エジプト代表【写真:Getty Images】
アルゼンチンサッカー協会(AFA)が、エジプト人を名乗るハッカーから不正アクセスを受けた可能性が浮上した。アルゼンチンメディア『Infobae』は10日、AFAに関連するメールアカウントの一つから、複数の記者に不可解なメールが送られたと報じている。
“エジプト人ハッカー”が不正アクセス
問題のメールは、FIFAワールドカップ2026(北中米W杯)ラウンド16のアルゼンチン代表対エジプト代表後に送信されたもの。
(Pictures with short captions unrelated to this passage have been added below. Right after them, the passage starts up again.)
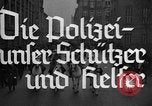Standbild Berliner Polizei Berlin Deutschland, 1919, aus Sekunde 13 historischem Filmmaterial Videoclip 65675056393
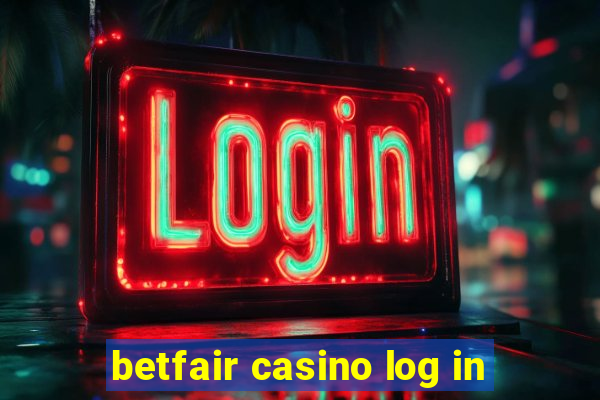 betfair casino log in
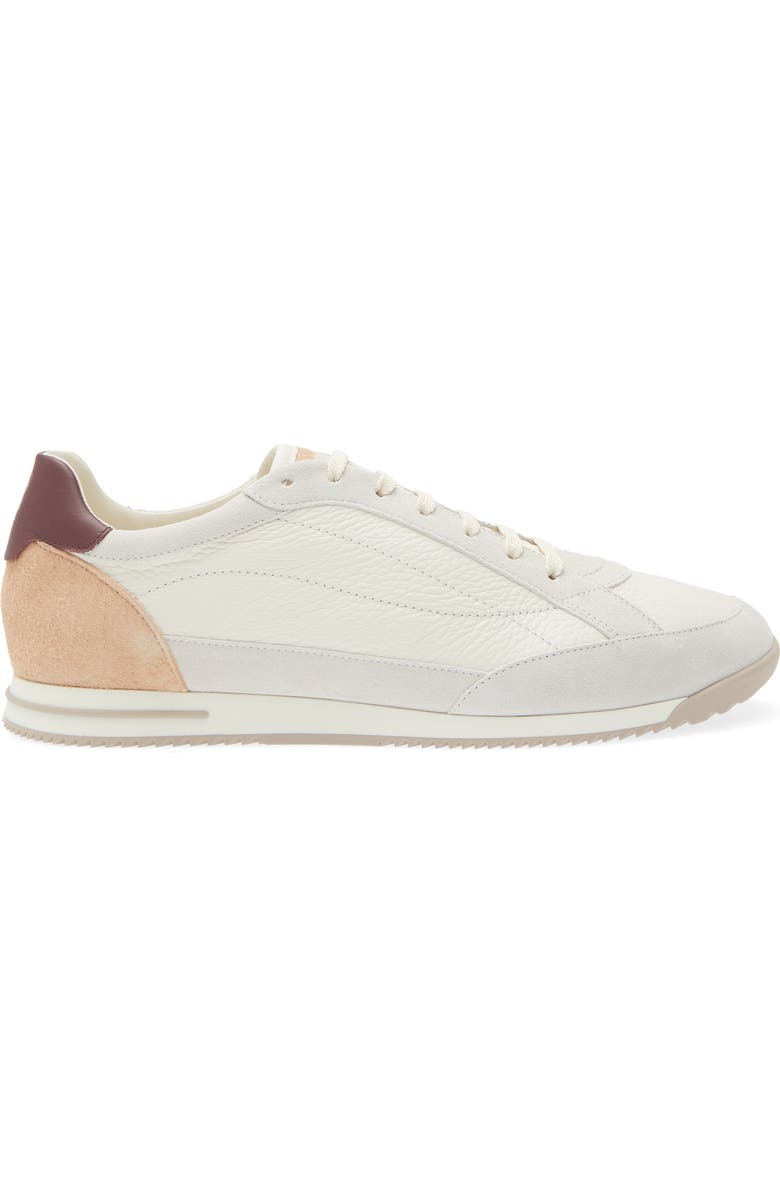 Brunello Cucinelli Minimal Sneaker, Alternate, color, White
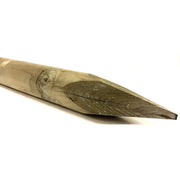 Pali in legno impregnato con punta 10 pezzi diametro 8 cm lunghezza 250 cm per recinzioni giardino - Esterni da Vivere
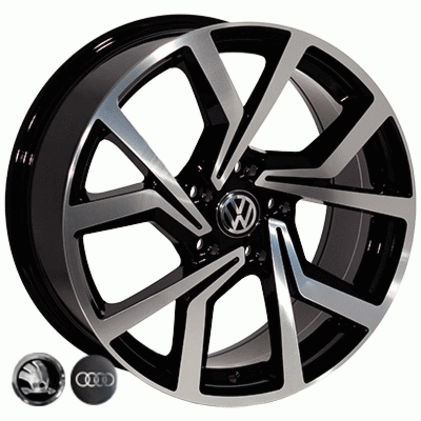 ZW BK5125 6,5x16 5x112 ET40 DIA57,1 (BP)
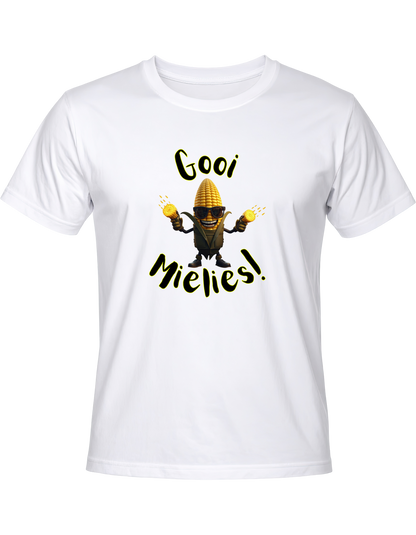 Gooi Mielies - Fun T-Shirt | 100% Cotton with Graphic Print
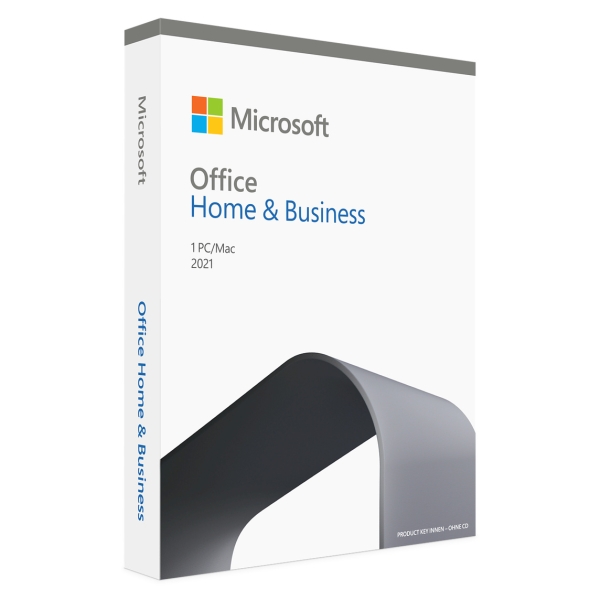 Microsoft Office Home and Business 2021, Download, NEU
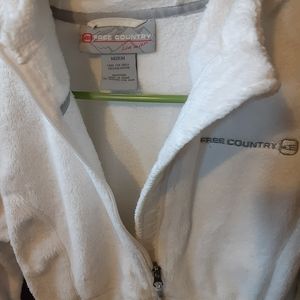 Free country faux fur jacket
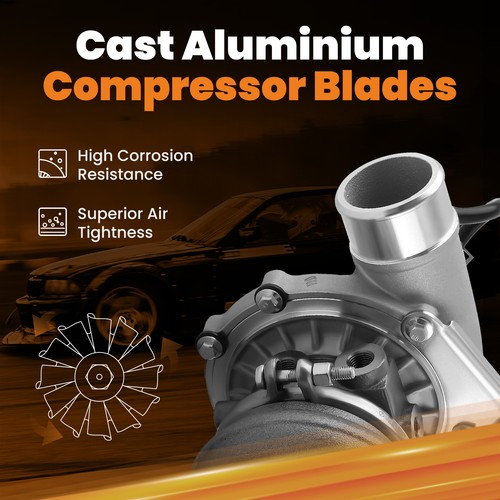 VF48 Turbo For Subaru Impreza WRX H4 2.5 L RHF55 2008 2009 2010 2011 2012 2013 - Picture 4 of 17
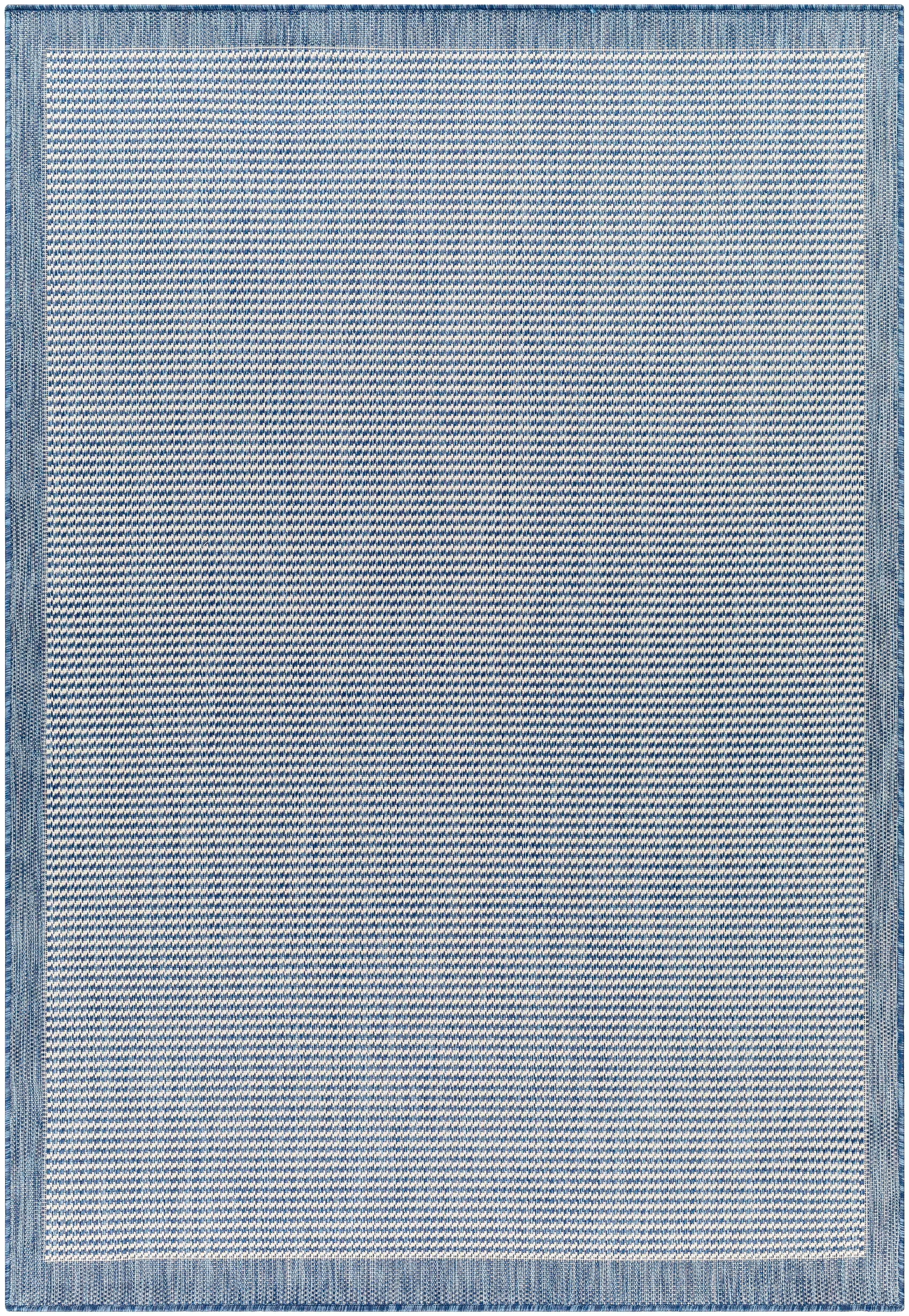 Hetal 6'7in x 9' Outdoor Area Rug - Hauteloom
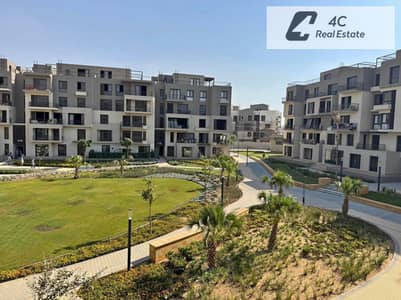 للبيع شقة استلام فوري فيو بحري مفتوح على اللاندسكيب بأقل سعر في الماركت 180 متر 3غرف في SODIC East بالقرب من العاصمة الإدارية والشروق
件名には「不公平な判定。エジプトとフサーム・ハッサンに正義を」といった趣旨の文言があり、本文では「エジプトは誇り、情熱、戦術的支配をもって戦った。しかし、アルゼンチンは勝ったのではない。勝利は腐敗した判定によって奪われた」と主張していたという。
AFAは公式声明で、同協会のアカウントから送信された可能性のあるメールについて「我々のチームが作成、承認したものではない」と説明。
不審なメールやリンク、添付ファイルを開かないよう呼びかけたうえで、「アカウントが不正アクセスを受けた可能性がある」として、システム部門と調査を進めていると明かした。
背景にあるのは、3-2でアルゼンチンが逆転勝利したエジプト戦後の強い不満だ。試合後、エジプトのフサーム・ハッサン監督は判定に激怒し、「試合は仕組まれていた」「メッシと世界王者を残すためなのか」と大会運営に疑問を呈した。
エジプトサッカー協会もVAR運用や主審の判定に抗議しており、怒りはピッチ外へ飛び火した形だ。
AFAは現時点で被害の範囲や発信元を調査中としている。判定疑惑をめぐる不満は、ついにサイバー攻撃を疑われる騒動へ発展した。